En este punto, que dio lugar a la definición de la relación de seguridad con Rusia, el enfoque interdependentista dejó todo afán idealista: Estados Unidos no sólo no reconocerá zonas de influencia rusas, sino que tampoco abandonará sus proyectos de despliegue de sistemas de misiles defensivos contra la amenaza iraní. Este último objetivo, sin embargo, estuvo condicionado por la sostenibilidad tecnológica y económica de ese sistema de armas (una confesión de que éste aún carece plenamente de la misma o una puerta de salida) al tiempo que aseguró que al respecto se dialogaría con Rusia. Por lo demás, no se hizo referencia alguna a la expansión de la OTAN (y menos a la de los Estados pertenecientes a la negada zona de influencia rusa). Ello indica que estamos frente a una nueva versión, aunque aún no precisada, de equilibrio del poder.


Este viraje realista en relación a la posición de la administración Bush fue bien recibido por el representante ruso quien, si bien ambientó su intervención en su preferencia multilateral, la focalizó en la necesidad de renovar los regímenes de control de armamentos balísticos y nucleares. Un interés coincidente ruso-norteamericano parece haberse consolidado en Munich (aunque sólo ése, pues Rusia ha pasado a la etapa de denegar bases a Estados Unidos en territorios de la ex -URSS).

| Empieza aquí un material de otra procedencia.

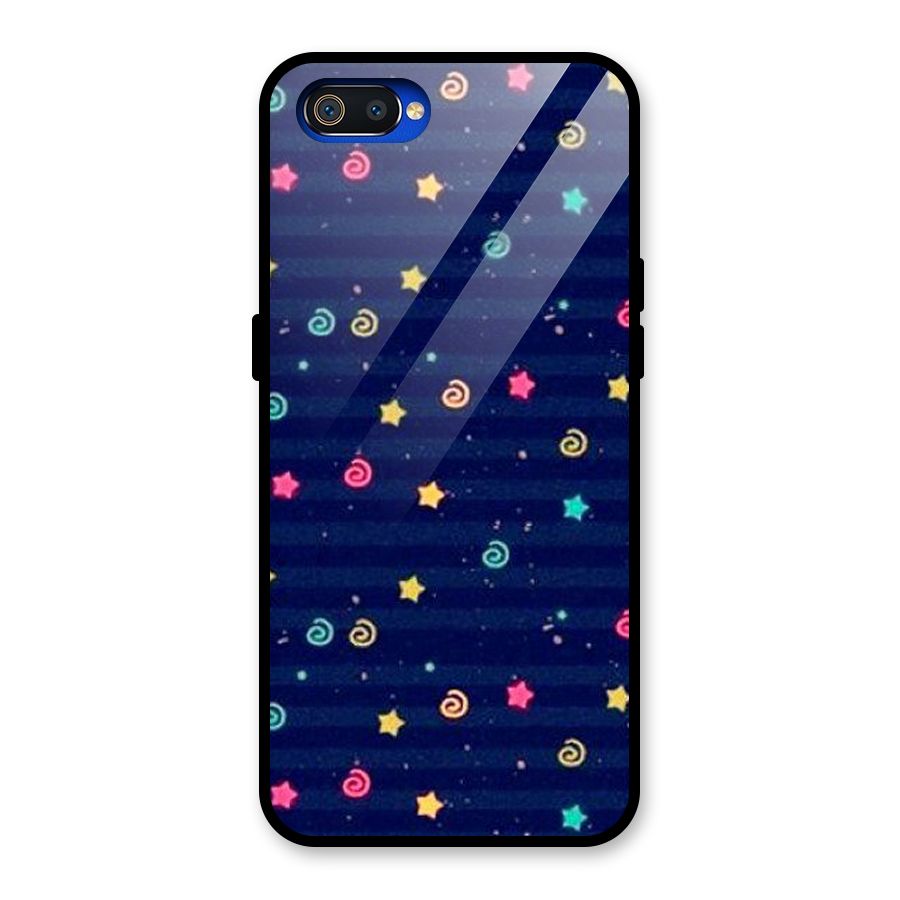 Cute Design Glass Back Case for Realme C2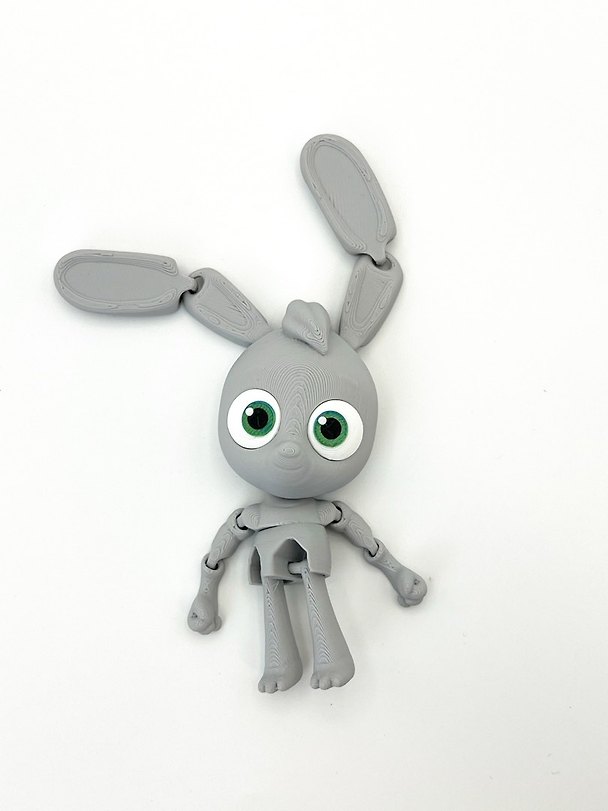 Фигурка 3D Зайчонок Скок (80005999) (6х9х2) 3137543 — 1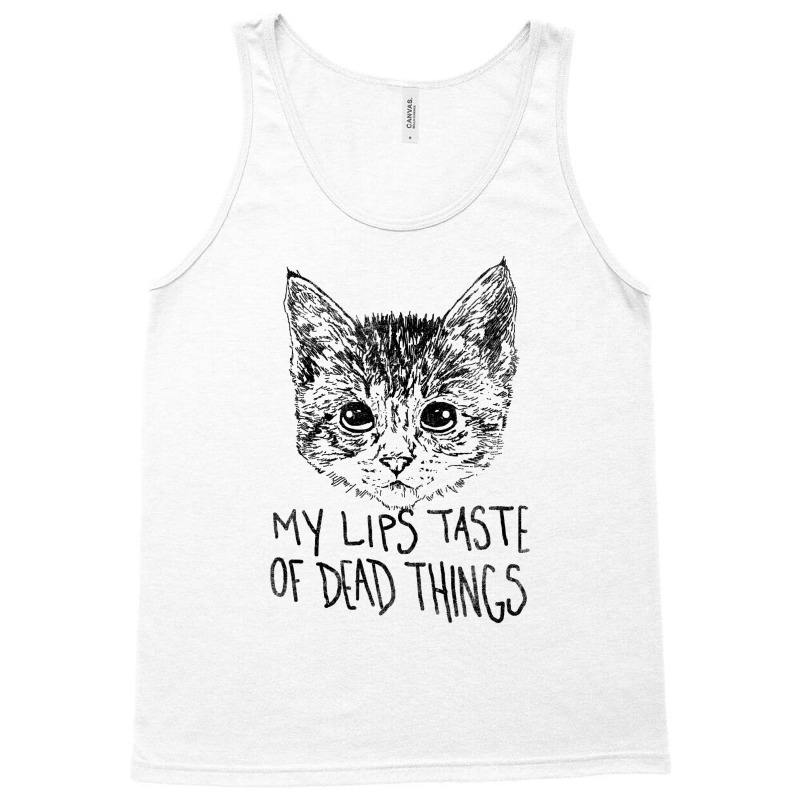 Morbid Kitten Tank Top by Specstore | Artistshot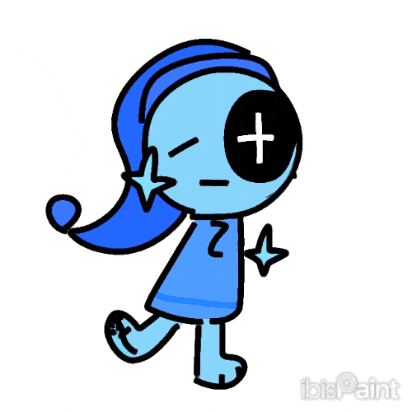 a cartoon character with a cross on his eye and a star on his ear .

Con anticipación a ese escenario de seguridad tradicional y a la prioridad sobre Afganistán, Pakistán Irak y del Medio Oriente (donde habrá mayor participación árabe), el Vicepresidente Biden señaló con mayor especificidad los desafíos que plantean los problemas de los países en desarrollo.


Aunque la condicionalidad de los programas del Presidente Bush no fue mencionada, la especificación del caso no es del todo novedosa tampoco. Así, Estados Unidos se propone contribuir a reducir la pobreza a la mitad hacia el 2015, mejorar considerablemente la cobertura de educación en los países en desarrollo, cancelar la deuda de los países más pobres, atender la emergencia alimentaria y promover la democracia a través de la sociedad civil.


Si, salvo por este último elemento tradicional, las propuestas se pueden contextualizar bien en los Objetivos del Milenio, la dimensión estratégica de los países pobres debiera tener en la ONU el foro adecuado para su trato.

Aunque el escenario estratégico esté cambiando, es fundamental para Occidente que Estados Unidos haya renovado su indispensable vinculación transatlántica y que el primer gran mensaje de política exterior fuera del territorio de la primera potencia se haya producido en el corazón de Europa. Ninguna crisis económica o alteración estratégica disminuirá la primacía de Occidente como escenario y fundamento de la política exterior norteamericana. La cuestión es ahora, dónde queda los aliados norteamericanos de Asia y América Latina.